Joanne Vera Stolk erörtert in ihrem stark methodischen Beitrag (Encoding Linguistic Variation in Greek Documentary Papyri. The Past, Present and Future of Editorial Regularization, 119-137) das bislang gängige editorische Regelungssystem der griechischen Sprache (Leidener System) und deren Anwendung in den digitalen Editionen des Papyrological Navigator (PN) (121-122). Danach erfolgt eine genaue Diskussion der kritischen Zeichen und Regelungen im kritischen Apparat in den Original- und in den digitalen Editionen (122-128) sowie eine Untersuchung der Kategorisierung von Varianten (Schreiberfehlern, linguistischen Varianten) in Papyrusdokumenten und der unterschiedlichen Standards (130-133), die die sprachlichen Regularisierungen entweder von "external sources" (Grammatiken, Wörterbüchern etc.) oder "internal sources" (Abgleich mit dem Text selbst bzw. Paralleltexten) ableiten. Stolk weist in diesem Zusammenhang darauf hin, dass "[...] guidelines describing a particular methodology for regularization in papyrus documents" (135) bislang ein Desiderat darstellen würden. Hier könnte die Entwicklung neuer digitaler Tools (z.B. die Schaffung einer "reference to a headword, i.e. a lemma, to every word that is attested on a papyrus" wie es in EpiDoc bereits verzeichnet werden kann, 135) Abhilfe schaffen und gleichzeitig die Qualität der Editionen verbessern, da dadurch ein realistischeres Bild der Sprache der Papyri gezeichnet werden könnte.

Giuseppe G. A. Celanos Beitrag bietet erste Überlegungen, anhand welcher bereits vorhandener technischer Tools morphologische Verzeichnungen und Lemmatisierungen automatisch in alle Papyri.info Dokumente integriert werden könnten (An Automatic Morphological Annotation and Lemmatization for the IDP Papyri, 139-147).

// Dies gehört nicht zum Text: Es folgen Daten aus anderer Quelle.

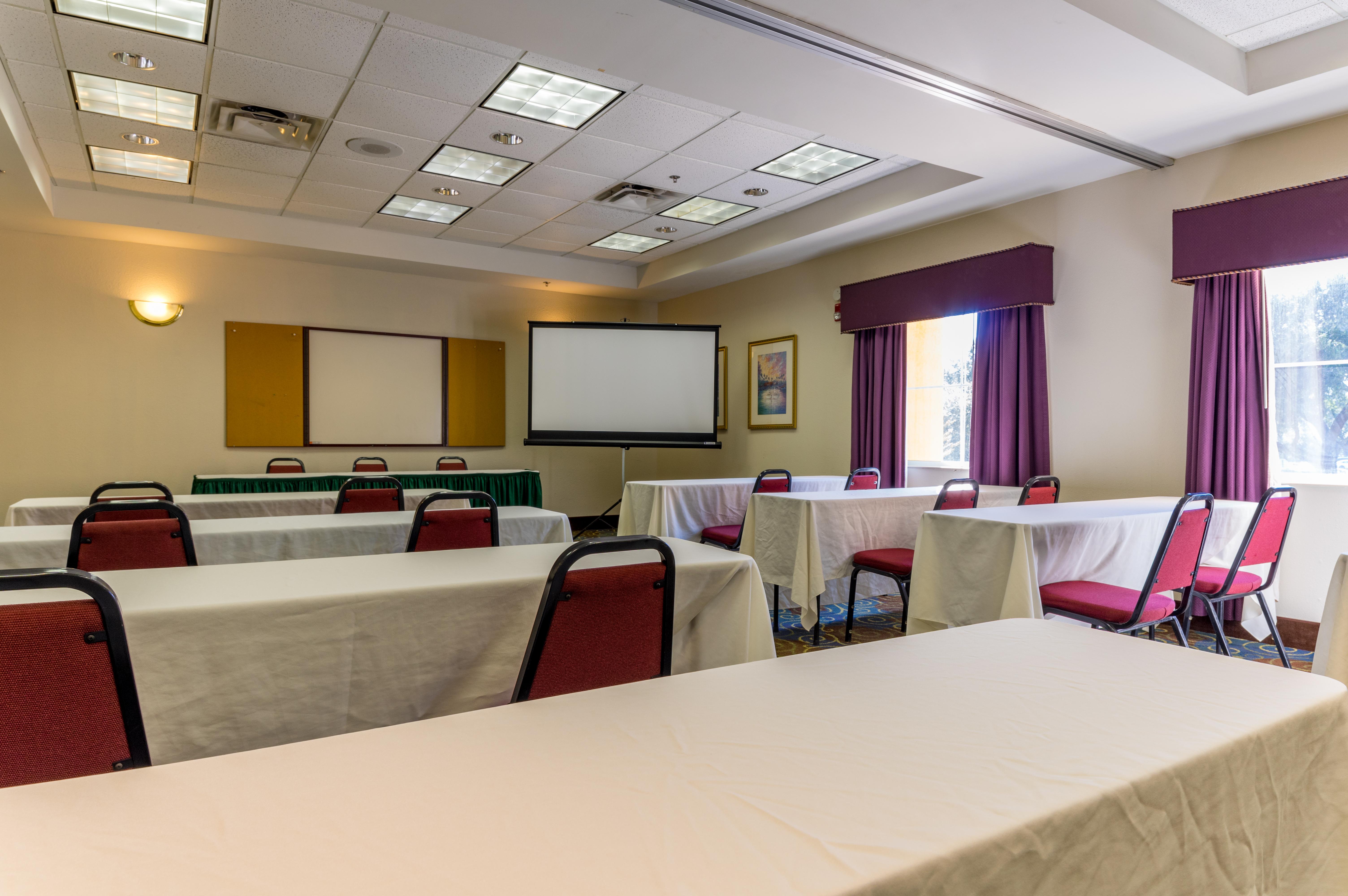 Surestay Plus By Best Western Orlando Лей Буена Виста Екстериор снимка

Isabella Bonati stellt die digitale lexikografische Datenbank Medicalia Online vor, die ein enzyklopädisches Nachschlagewerk für technische Termini darstellt, die in den griechischen medizinischen Papyri bezeugt sind (Digital Papyrological Editions and the Experience of a Lexicographical Database. The Case of Medicalia Online, 149-173). Ein besonderer Vorteil liege darin, dass Medicalia Online direkt mit dem Corpus of the Greek Medical Papyri Online (CPGM) verbunden und damit gleichzeitig mit dem Digital Corpus of Literary Papyrology (DCLP) verlinkt ist.

Am Ende des Bandes finden sich fünf Indizes (I. Keywords & names, 175-182; II. Papyrus texts, 182-185; III. Literary sources, 185-186; IV. Greek concordane, 186-189 und V. XML tags, 189-190).

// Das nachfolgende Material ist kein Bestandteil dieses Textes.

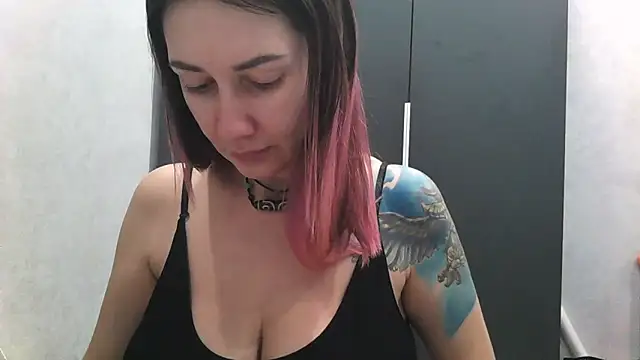 BlueXOwl online show from October 30, 2025, 6:05 pm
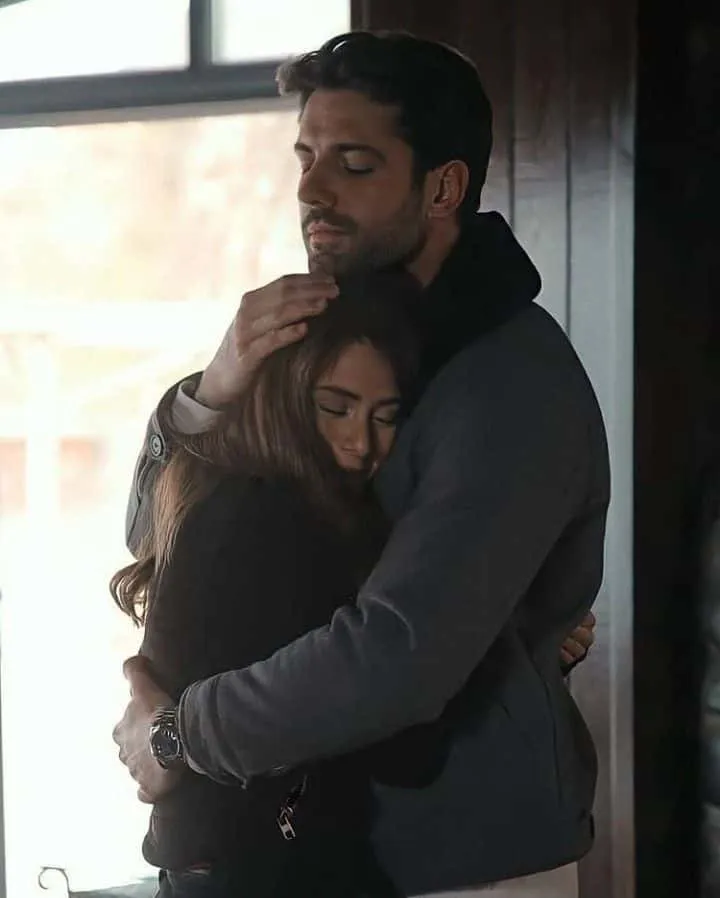 couple-hug-pic7 Couple Hug Pic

Im Fokus des Bandes stehen die digitalen Tools und Methoden, deren Möglichkeiten aber auch Probleme im Kontext aktueller Projekte im Bereich der Digital Papyrology. Die acht gebotenen Beiträge sind inhaltlich sehr unterschiedlich gewichtet und bieten eine Auswahl an Initiativen im Rahmen der Digital Papyrology: Sie reichen von knappen Projektberichten, mitunter sehr techniklastigen Darstellungen bis hin zu methodisch komplexen und sehr aufschlussreichen Studien. Eine Einleitung des Herausgebers wäre wünschenswert gewesen, um die Beziehung der einzelnen Beiträge zueinander klarer zu formulieren. Die abschließende Frage, die sich aufdrängt, ist, welches Publikum mit dem vorliegenden Band angesprochen werden soll, denn die Lektüre der Beiträge könnte sich für den papyrologisch interessierten Leserkreis, der mit den technischen Aspekten der Digital Papyrology nicht oder noch nicht vertraut ist, doch als etwas anstrengend gestalten.